DATA LISTING
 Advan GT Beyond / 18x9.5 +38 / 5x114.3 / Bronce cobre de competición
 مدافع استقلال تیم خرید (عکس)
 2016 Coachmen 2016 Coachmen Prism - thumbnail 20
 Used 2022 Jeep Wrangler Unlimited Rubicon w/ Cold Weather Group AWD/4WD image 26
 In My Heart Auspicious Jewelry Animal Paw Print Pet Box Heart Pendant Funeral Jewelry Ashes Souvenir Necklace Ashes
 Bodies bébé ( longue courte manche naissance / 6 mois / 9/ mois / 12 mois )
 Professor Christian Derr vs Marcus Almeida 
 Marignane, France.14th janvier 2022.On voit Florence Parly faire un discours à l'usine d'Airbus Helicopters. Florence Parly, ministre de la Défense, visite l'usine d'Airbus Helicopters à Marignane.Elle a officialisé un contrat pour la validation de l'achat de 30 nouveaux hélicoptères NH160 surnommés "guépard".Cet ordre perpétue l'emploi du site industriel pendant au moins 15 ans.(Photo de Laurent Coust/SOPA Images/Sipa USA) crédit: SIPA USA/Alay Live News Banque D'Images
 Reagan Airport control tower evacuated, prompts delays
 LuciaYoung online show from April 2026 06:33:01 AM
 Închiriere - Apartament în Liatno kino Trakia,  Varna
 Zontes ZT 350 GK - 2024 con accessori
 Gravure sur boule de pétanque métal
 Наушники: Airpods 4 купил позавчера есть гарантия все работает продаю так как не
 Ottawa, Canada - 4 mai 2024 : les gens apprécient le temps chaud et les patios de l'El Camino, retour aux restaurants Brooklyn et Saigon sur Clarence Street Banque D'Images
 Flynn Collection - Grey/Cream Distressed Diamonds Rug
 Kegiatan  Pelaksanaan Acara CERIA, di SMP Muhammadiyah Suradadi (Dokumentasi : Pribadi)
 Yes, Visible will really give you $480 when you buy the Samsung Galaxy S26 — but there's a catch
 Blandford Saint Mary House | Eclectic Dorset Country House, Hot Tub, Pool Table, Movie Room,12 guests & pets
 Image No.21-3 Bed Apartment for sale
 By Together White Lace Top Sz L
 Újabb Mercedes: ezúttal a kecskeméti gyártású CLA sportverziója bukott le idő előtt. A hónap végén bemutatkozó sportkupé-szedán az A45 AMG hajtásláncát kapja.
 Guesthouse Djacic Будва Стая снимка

WHAT IS EXPECTED
Restate all the material exactly, word for word.

SOLUTION FOR THIS PROBLEM
 Advan GT Beyond / 18x9.5 +38 / 5x114.3 / Bronce cobre de competición
 مدافع استقلال تیم خرید (عکس)
 2016 Coachmen 2016 Coachmen Prism - thumbnail 20
 Used 2022 Jeep Wrangler Unlimited Rubicon w/ Cold Weather Group AWD/4WD image 26
 In My Heart Auspicious Jewelry Animal Paw Print Pet Box Heart Pendant Funeral Jewelry Ashes Souvenir Necklace Ashes
 Bodies bébé ( longue courte manche naissance / 6 mois / 9/ mois / 12 mois )
 Professor Christian Derr vs Marcus Almeida 
 Marignane, France.14th janvier 2022.On voit Florence Parly faire un discours à l'usine d'Airbus Helicopters. Florence Parly, ministre de la Défense, visite l'usine d'Airbus Helicopters à Marignane.Elle a officialisé un contrat pour la validation de l'achat de 30 nouveaux hélicoptères NH160 surnommés "guépard".Cet ordre perpétue l'emploi du site industriel pendant au moins 15 ans.(Photo de Laurent Coust/SOPA Images/Sipa USA) crédit: SIPA USA/Alay Live News Banque D'Images
 Reagan Airport control tower evacuated, prompts delays
 LuciaYoung online show from April 2026 06:33:01 AM
 Închiriere - Apartament în Liatno kino Trakia,  Varna
 Zontes ZT 350 GK - 2024 con accessori
 Gravure sur boule de pétanque métal
 Наушники: Airpods 4 купил позавчера есть гарантия все работает продаю так как не
 Ottawa, Canada - 4 mai 2024 : les gens apprécient le temps chaud et les patios de l'El Camino, retour aux restaurants Brooklyn et Saigon sur Clarence Street Banque D'Images
 Flynn Collection - Grey/Cream Distressed Diamonds Rug
 Kegiatan  Pelaksanaan Acara CERIA, di SMP Muhammadiyah Suradadi (Dokumentasi : Pribadi)
 Yes, Visible will really give you $480 when you buy the Samsung Galaxy S26 — but there's a catch
 Blandford Saint Mary House | Eclectic Dorset Country House, Hot Tub, Pool Table, Movie Room,12 guests & pets
 Image No.21-3 Bed Apartment for sale
 By Together White Lace Top Sz L
 Újabb Mercedes: ezúttal a kecskeméti gyártású CLA sportverziója bukott le idő előtt. A hónap végén bemutatkozó sportkupé-szedán az A45 AMG hajtásláncát kapja.
 Guesthouse Djacic Будва Стая снимка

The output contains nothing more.